Histories of the 1960s space race typically focus on the technology and determination that allowed America to meet President Kennedy's 1961 challenge. Others cover the heroic efforts of the astronauts, engineers, technicians, and specialists who made the first Moon landing possible. Rarely is the actual recovery of the spacecraft and crew covered in any detail.
However, it was the extraordinary planning and achievement of NASA and the military that made it possible to return those first Moon walkers "safely to Earth" by plucking them from the ocean and bringing them to a waiting aircraft carrier.
All of us who grew up during those incredible years can remember watching the returning Mercury, Gemini, and Apollo capsules swaying under the huge parachutes, splashing into the ocean, and bobbing while helicopters and Navy divers retrieved the crews. But few of us had any idea of the planning, coordination, and resourcefulness required to make those recoveries look so easy.
Author Bob Fish, in "Hornet Plus Three," describes in detail how the recovery missions were planned, rehearsed, and accomplished...but goes much farther. As with most well-done histories, the book brings its story to life through first-person remembrances of many people who participated in these momentous events, including the commander of the USS Hornet.
Fish has certainly done his homework, and his love of the subject matter shines through the 288 pages and dozens of archival photos, maps, and drawings. He traces how the U.S. military joined with NASA to support the landing and recovery of spacecraft, beginning with the first Mercury capsules and concluding with the unprecedented recovery of the first men to walk on the Moon - the Apollo 11 astronauts - and their cargo of priceless Moon rocks.
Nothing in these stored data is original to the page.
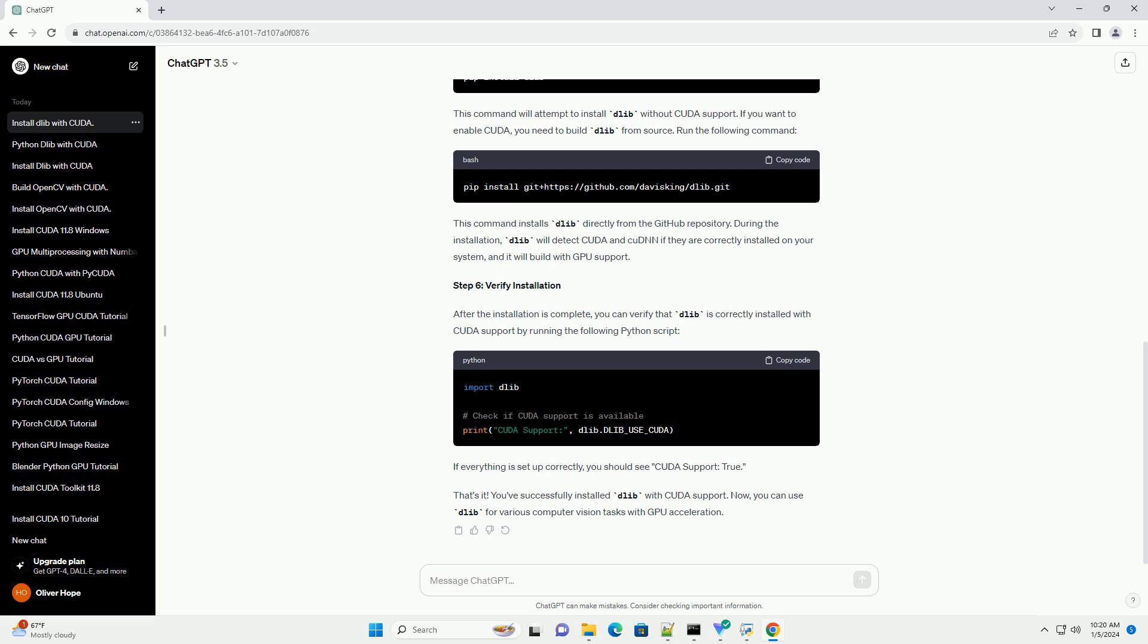Step 6: Verify Installation. After the installation is complete, you can verify that Dalib is correctly installed with CUDA support by running the following Python script. If everything is set up correctly, you should see CUDA Support: true.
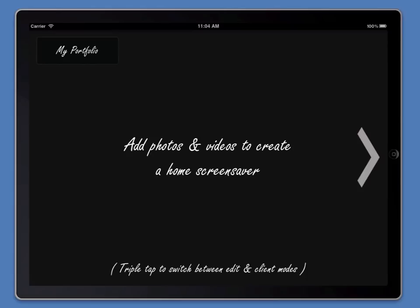Initially, you're in client mode. There are two modes to Portfolio Pro: client mode and edit mode. You'll see at the bottom it says triple tap to switch between edit and client modes. This is consistent throughout the app.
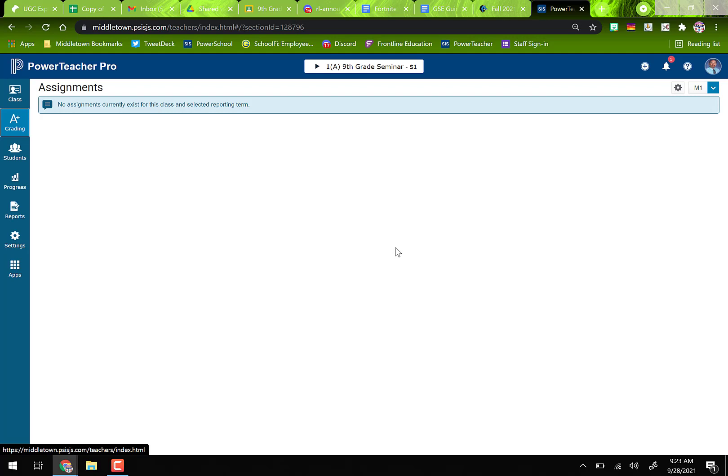Hey there, beautiful people. This is Mark Siegel, your resident EdTech specialist, with a quick EdTech video about setting up your gradebook in Power School. I'm already in the gradebook, which is Power Teacher Pro, and I'm going to set up two things: first, I'll show you categories, and then how to calculate all your grades for the marking period using those categories.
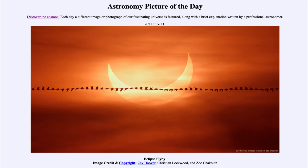So what do we see here? Well, here is an image taken yesterday. This is an image of the eclipse that occurred and was visible from various parts of the world — from the eastern portions of the United States to Canada, up through Greenland and around the Arctic regions into Russia.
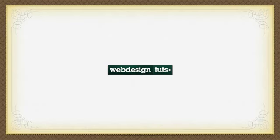Hey, what's up guys? Welcome to a Web Design Tuts Plus video tutorial.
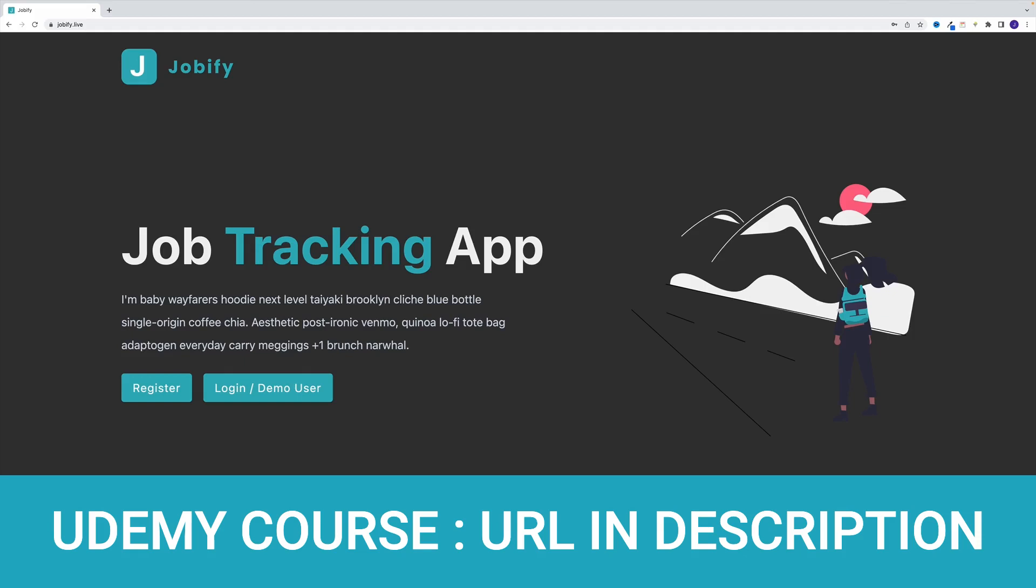Hey, what's up? It's John from Coding Addict and welcome to the latest iteration of my MERN course, where we're going to create a job tracking application called Jobify. The main goal of this app is to track your job search, basically keeping tabs on how many applications you have sent out each month.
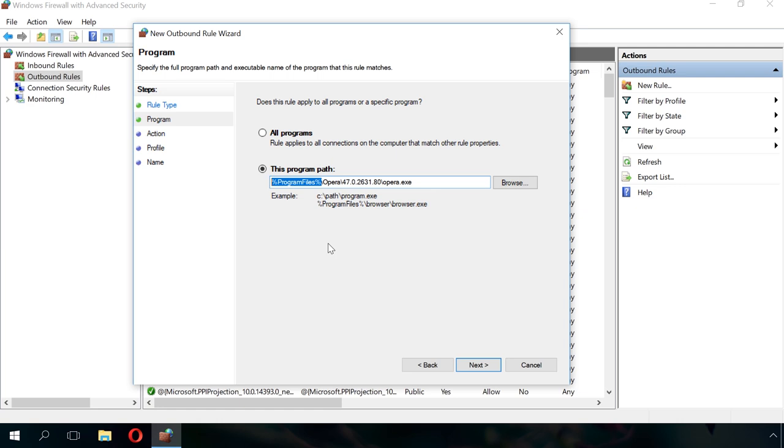For example, if you want to block access to Minecraft game servers, you should block the corresponding Java application, executable file javaw.exe, as the game connects to the Internet via Java.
From the initial recovery concepts through planning, training, and mission simulations to the actual recovery of American spacecraft and crews from the oceans, Fish tells it all. He covers the successes, problems, errors, and innovative solutions. Highlighted with quotes and stories from people we've never before heard from, Hornet Plus Three will entertain, educate, and enthrall you.
Step by step, Fish takes the reader through the recovery lessons learned during the one-man Mercury flights, two-man Gemini flights, and three-man Apollo missions. He describes how, as the capsules grew larger and heavier, NASA and the Navy had to revise both recovery procedures and the equipment used. Many of the photographs in Hornet Plus Three have never before been published and illustrate the personnel, Navy ships, Navy and Air Force aircraft, capsules, astronauts, and equipment.
Fish describes each step of the spacecraft's descent and splashdown and the transport of the crew and capsule to the deck of the Hornet. Although the story of the Apollo 11 recovery ends with the return of the USS Hornet to Pearl Harbor with its full complement of crew, plus three astronauts, Bob Fish's outstanding contribution to aviation, military, and space history includes several valuable appendices.
"Hornet Plus Three" represents an important and unique addition to the vast library of books about the early NASA space programs. I guarantee you won't be bored and, whether you think you know a lot about the Apollo program or not, you'll learn something and gain some insights into the challenges faced by those who ensured a safe conclusion to every space mission.
Our last manned mission to the Moon, Apollo 17, splashed down December 19, 1972. Thirty-seven years later, no other Earthlings have ventured beyond Earth orbit.
Could we repeat the Apollo program today? Could we do it in less than 10 years?